Dalam pernyataan pers-nya, HMI Cabang Jogja mengatakan, apapun alasannya polisi tidak dibenarkan melakukan penyerangan dan pemukulan terhadap masyarakat. Kewajiban polisi adalah mengayomi masyarakat. Sampai di depan Mapoltabes Jogja, puluhan polisi sudah siaga dengan menutup gerbang Mapoltabes, sehingga mahasiswa HMI tidak bisa masuk dan hanya berorasi di depan Mapoltabes.
Wahyu Minarno, Ketua Cabang HMI Jogja dalam pernyataannya mengatakan bahwa kejadian di Makassar sebenarnya adalah sebuah rekayasa politik untuk mengkriminalisasikan gerakan mahasiswa. Polisi telah dijadikan oleh rezim sebaga alat untuk menindas masyarakat.
“Seharusnya ada solusi yang bijak untuk meredam aksi-aksi teman-teman di Makassar yang terkenal keras, bukan dengan cara kekerasan,” imbuh Ichsan Ahmad Barokah, dari Komisariat HMI Fisipol UGM. Ia melanjutkan, HMI siap melakukan aksi yang lebih besar lagi jika tuntutan mereka tidak diindahkan.
Soal Century
Selain melakukan aksi solidaritas terhadap teman-teman mereka di Makassar, para demonstran pun menuntut pengalihan kasus Century dari mekanisme politik menuju mekanisme hukum, meminta KPK segera mengambilalih proses hukumnya, mereformasi kebijakan perbankan nasional, mendesak presiden untuk tidak bertele-tele dalam mengambil keputusan atas pelanggaran korupsi, meminta Budiono dan Sri Mulyani mundur dari jabatannya, serta mengajak masyarakat untuk terus mengawal proses hukum Century.

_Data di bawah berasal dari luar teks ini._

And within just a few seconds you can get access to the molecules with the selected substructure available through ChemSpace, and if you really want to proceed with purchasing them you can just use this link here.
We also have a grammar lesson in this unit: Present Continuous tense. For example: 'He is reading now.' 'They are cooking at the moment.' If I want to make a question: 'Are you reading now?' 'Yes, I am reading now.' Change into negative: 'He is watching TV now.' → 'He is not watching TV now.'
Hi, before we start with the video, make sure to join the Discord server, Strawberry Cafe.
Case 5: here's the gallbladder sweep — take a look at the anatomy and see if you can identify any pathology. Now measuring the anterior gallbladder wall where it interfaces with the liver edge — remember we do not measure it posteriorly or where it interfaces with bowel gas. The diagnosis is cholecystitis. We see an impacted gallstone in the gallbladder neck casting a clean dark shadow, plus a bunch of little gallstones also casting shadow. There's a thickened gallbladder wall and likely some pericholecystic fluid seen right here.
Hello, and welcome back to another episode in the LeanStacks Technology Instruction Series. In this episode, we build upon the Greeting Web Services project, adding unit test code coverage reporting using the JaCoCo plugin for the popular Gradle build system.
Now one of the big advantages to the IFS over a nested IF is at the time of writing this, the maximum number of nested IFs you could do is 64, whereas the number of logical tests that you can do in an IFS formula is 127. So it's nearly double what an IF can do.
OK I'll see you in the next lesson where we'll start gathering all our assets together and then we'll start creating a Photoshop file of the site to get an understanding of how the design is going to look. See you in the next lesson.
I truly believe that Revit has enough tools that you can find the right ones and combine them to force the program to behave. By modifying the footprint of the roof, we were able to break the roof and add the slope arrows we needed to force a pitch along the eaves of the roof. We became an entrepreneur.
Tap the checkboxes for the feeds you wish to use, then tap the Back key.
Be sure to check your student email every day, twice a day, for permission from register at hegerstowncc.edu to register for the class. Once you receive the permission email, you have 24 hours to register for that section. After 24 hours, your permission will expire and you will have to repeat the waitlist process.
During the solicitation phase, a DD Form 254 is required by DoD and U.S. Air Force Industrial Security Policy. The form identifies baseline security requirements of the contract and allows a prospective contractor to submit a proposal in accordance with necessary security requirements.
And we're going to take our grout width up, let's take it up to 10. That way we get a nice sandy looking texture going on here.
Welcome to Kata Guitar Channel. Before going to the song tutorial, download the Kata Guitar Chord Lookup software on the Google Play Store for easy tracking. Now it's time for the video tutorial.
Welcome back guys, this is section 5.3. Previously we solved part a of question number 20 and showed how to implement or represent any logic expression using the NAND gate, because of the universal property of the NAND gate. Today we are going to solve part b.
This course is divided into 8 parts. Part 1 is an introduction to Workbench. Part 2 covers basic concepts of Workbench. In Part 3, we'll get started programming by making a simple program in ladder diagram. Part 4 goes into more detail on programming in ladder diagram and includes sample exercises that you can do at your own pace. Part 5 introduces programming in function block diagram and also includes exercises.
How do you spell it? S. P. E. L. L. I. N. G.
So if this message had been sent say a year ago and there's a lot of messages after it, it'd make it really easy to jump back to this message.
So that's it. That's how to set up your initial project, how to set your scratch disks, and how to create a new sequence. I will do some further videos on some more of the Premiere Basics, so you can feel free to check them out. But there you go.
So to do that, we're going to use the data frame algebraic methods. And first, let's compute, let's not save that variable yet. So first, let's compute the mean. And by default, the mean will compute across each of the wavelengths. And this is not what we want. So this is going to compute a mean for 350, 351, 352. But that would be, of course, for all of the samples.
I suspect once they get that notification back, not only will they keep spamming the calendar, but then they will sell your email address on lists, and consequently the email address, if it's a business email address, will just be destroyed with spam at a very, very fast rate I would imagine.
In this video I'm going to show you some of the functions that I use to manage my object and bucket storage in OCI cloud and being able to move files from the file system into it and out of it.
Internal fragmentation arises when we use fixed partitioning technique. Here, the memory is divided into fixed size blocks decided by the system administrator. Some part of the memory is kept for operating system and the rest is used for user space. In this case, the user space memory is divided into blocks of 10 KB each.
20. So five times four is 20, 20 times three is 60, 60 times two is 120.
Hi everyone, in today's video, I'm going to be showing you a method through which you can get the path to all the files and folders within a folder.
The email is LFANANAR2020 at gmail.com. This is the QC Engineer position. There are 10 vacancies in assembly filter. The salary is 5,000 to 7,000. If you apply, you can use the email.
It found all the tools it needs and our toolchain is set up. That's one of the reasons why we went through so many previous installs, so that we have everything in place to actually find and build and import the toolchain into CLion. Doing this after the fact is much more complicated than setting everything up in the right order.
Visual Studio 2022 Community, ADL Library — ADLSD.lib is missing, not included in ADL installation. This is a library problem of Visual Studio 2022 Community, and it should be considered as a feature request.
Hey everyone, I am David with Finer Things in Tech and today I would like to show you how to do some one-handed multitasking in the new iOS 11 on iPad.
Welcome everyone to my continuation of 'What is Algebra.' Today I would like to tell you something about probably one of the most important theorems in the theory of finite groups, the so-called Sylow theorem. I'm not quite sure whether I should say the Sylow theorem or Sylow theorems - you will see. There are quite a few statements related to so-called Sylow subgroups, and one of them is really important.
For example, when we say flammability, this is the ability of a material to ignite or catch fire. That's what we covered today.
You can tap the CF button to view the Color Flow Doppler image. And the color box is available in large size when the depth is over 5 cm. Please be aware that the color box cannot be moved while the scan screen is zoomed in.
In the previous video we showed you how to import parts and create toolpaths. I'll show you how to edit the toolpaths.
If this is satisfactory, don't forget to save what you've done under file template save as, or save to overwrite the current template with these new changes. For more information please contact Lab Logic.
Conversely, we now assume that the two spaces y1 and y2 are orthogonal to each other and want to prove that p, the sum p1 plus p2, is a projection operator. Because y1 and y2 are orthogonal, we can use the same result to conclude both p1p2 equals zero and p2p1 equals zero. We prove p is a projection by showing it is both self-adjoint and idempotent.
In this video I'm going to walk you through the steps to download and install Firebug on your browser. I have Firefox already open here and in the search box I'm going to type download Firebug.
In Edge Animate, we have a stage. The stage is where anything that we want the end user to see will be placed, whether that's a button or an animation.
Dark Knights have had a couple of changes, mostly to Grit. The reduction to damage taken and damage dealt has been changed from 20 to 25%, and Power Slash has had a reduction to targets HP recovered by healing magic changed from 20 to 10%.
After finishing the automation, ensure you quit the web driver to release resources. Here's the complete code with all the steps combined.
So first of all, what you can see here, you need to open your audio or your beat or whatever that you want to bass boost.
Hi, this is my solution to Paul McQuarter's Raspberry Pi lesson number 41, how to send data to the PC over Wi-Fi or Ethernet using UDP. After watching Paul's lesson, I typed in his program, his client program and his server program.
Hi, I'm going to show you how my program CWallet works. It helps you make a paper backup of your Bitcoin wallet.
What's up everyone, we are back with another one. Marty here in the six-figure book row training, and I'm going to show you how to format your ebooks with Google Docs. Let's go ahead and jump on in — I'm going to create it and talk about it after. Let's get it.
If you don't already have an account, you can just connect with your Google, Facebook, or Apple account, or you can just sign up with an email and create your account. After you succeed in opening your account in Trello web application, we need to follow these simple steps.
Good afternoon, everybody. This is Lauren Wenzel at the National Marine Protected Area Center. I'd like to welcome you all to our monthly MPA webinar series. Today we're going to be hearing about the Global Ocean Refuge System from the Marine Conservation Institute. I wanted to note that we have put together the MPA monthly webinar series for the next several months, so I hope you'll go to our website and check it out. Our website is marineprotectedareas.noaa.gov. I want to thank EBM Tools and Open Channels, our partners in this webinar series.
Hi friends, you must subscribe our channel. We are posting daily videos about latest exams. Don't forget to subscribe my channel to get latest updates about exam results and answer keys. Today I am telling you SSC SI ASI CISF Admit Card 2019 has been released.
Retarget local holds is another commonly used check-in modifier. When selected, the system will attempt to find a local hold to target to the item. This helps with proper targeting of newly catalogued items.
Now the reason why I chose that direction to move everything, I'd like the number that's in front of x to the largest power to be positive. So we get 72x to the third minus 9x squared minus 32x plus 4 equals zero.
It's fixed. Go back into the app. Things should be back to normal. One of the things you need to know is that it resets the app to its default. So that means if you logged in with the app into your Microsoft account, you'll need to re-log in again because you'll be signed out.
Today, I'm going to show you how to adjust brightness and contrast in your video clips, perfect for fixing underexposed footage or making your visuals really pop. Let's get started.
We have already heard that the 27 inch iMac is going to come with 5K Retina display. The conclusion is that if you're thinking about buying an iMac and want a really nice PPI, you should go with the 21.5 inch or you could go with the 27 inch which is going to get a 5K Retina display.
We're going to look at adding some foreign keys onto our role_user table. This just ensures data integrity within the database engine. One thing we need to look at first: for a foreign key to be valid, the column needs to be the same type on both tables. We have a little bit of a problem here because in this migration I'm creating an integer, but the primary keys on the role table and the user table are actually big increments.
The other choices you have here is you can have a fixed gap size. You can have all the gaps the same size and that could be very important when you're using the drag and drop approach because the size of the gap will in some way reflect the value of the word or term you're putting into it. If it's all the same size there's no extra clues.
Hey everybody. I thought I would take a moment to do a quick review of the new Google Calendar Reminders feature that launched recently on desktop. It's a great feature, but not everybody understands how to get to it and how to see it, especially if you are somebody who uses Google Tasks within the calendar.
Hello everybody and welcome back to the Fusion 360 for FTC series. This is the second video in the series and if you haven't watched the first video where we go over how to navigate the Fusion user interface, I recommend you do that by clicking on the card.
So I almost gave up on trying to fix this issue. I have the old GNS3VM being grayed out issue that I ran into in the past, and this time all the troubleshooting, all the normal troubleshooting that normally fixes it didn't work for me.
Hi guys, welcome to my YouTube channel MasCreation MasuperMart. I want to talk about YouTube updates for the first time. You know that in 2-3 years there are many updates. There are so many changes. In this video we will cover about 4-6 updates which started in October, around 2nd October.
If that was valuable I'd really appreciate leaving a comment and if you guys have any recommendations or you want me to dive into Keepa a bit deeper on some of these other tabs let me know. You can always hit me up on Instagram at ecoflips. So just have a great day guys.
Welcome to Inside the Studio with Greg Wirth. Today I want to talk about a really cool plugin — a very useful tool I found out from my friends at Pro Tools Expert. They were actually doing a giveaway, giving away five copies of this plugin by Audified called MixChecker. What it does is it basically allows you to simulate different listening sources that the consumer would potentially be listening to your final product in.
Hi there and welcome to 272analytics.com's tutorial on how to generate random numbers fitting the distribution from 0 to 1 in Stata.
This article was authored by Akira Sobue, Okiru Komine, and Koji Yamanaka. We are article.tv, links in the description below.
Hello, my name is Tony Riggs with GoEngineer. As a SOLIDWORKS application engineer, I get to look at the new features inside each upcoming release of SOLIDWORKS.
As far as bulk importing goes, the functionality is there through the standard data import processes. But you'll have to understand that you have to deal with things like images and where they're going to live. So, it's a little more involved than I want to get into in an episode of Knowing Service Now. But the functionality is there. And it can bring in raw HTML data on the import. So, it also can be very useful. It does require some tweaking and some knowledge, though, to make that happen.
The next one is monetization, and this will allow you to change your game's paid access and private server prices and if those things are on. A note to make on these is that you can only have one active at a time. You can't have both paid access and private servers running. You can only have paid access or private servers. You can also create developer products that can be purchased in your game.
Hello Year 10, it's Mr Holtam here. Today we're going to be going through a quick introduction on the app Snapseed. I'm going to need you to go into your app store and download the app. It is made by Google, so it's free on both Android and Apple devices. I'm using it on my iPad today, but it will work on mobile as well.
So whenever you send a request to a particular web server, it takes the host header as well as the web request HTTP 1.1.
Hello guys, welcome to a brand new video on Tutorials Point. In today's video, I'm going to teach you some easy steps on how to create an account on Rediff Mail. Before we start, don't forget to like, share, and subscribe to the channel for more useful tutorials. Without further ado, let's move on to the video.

Setelah berorasi, para demonstran kemudian menyerahkan sepucuk surat raksasa yang berisi “Saran, usulan dan tak lupa peringatan bagi Kepolisian Republik Indonesia, yang semakin tak bersahabat dengan masyarakat”, dan diterima oleh Ipda Legowo, mewakili pihak kepolisian.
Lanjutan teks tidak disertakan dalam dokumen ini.